Сеяла ермаковская фермерша более 300 га зерновых, выращивала картофель, держала крупнорогатый скот и лошадей. Полученной продукцией – мясом и картофелем – по муниципальному заказу обеспечивала детские сады: два – в поселке Магистральный, два – в Улькане, по одному в Ключах и Казачинском. Нельзя сказать, что купалась в золоте, но все же жила неплохо, районные власти выделяли ежегодно неплохие субсидии.

– Ежегодно по 400–500 тысяч рублей нам администрация давала, – рассказывает Расима, – помогали приобретать ГСМ, семенной материал… Мы заключали договоры с детскими садами, а я до конца года рассчитывалась с долгами за счет поставляемых продуктов. От новой администрации поддержки – ноль, столько же и понимания. Пришлось год назад посевные площади сокращать и скотины меньше держать. Сегодня только картошку садим да держим 80 коров и около 20 лошадей – вот и все фермерское хозяйство!

Обязанностей у КФХ не счесть: содержание внутрипоселковых дорог, доставка почты, медикаментов, доставка детей, которые учатся в интернате, электрообеспечение деревни…

По словам Расимы, сейчас районный бюджет должен сельским «бизнесменам» 178 тыс. рублей только за расчистку дороги, а про дизельную станцию – вообще разговор особый.

– В прошлом году из-за сильной грозы дизель-генератор у нас сгорел, – поясняет Расима. – Два месяца света в деревне вообще не было. Мы, естественно, обратились в райцентр, поскольку Ермаки – это не муниципальное образование, все начальство у нас в Казачинском. Нам сказали: ищите такой же генератор. Нашли в Ярославле. Подсчитали, что вместе с транспортными расходами он будет стоить 149 тысяч рублей, а денег на него не дают, говорят – нет, бюджет пустой.

Была в деревне старая станция, собрали ее старики в гараже у фермерши, запустили, но мощность – 12 кВт позволяет только не больше двух лампочек включать. Если вдруг кто-то захочет побаловать себя чайком из электрического чайника – свет надолго гаснет во всех домах. Той же прошлогодней грозой, что лишила деревню света, обрушило в воловне крышу. Пострадало тогда 17 голов скота.

– Звоню в район, мэр не отвечает, – сокрушается Расима. – В МЧС говорят, что они этим не занимаются. Хорошо, нашлись добрые люди, помогли с машинами, морозильными камерами, хоть мясо не пропало, а район как был в стороне, так и остался.

В ближайшее время Ермаки рискуют остаться без медработника. Местному фельдшеру купили дети дом в райцентре, она ждет не дождется, когда уедет, а что делать односельчанам, если заболеют – опять решать Расиме Добрыниной.

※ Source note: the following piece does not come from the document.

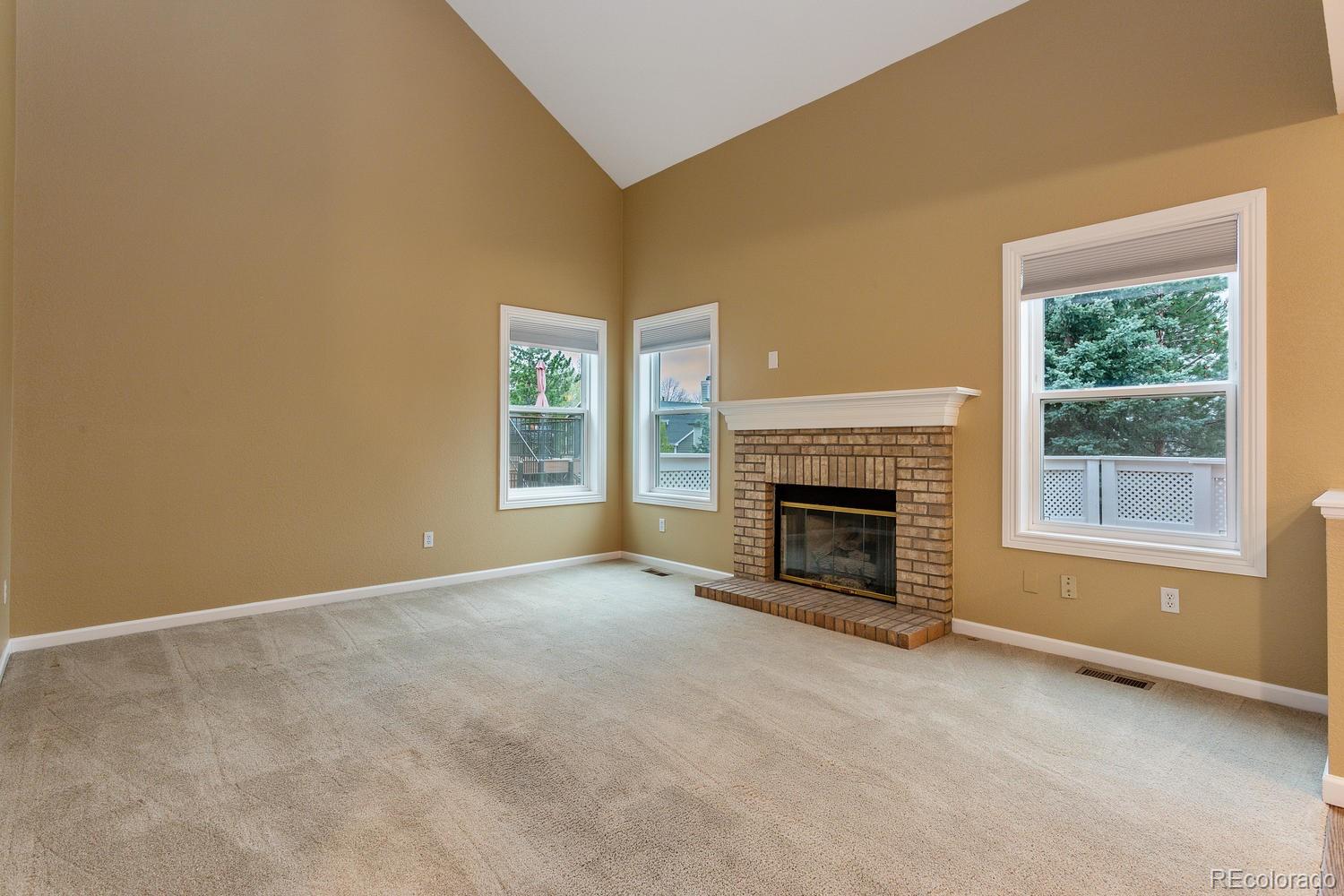 9869 Spring Hill Drive Highlands Ranch, CO 80129 - Photo 10 of 37 an empty room with a fireplace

– Чтобы «скорую» в деревню дождаться – не меньше трех часов пройдет, а за это время, сами понимаете, всякое случиться может. Вы уж помогите нам, – хором просят собравшиеся жители. – Расима наша еще немного побьется, повоюет, да и бросит все, тоже уедет, а нам тут хоть помирай…

В последнее время стало принято при любом удобном случае уповать на кризис. Но только ли в кризисе дело? Неужели за целый год районный руководитель не смог найти времени, чтобы приехать в деревню, выслушать людей, найти хоть какую-то возможность поддержать их, да даже просто сказать доброе слово, которое, как говорится, «и кошке приятно»? Или они хуже?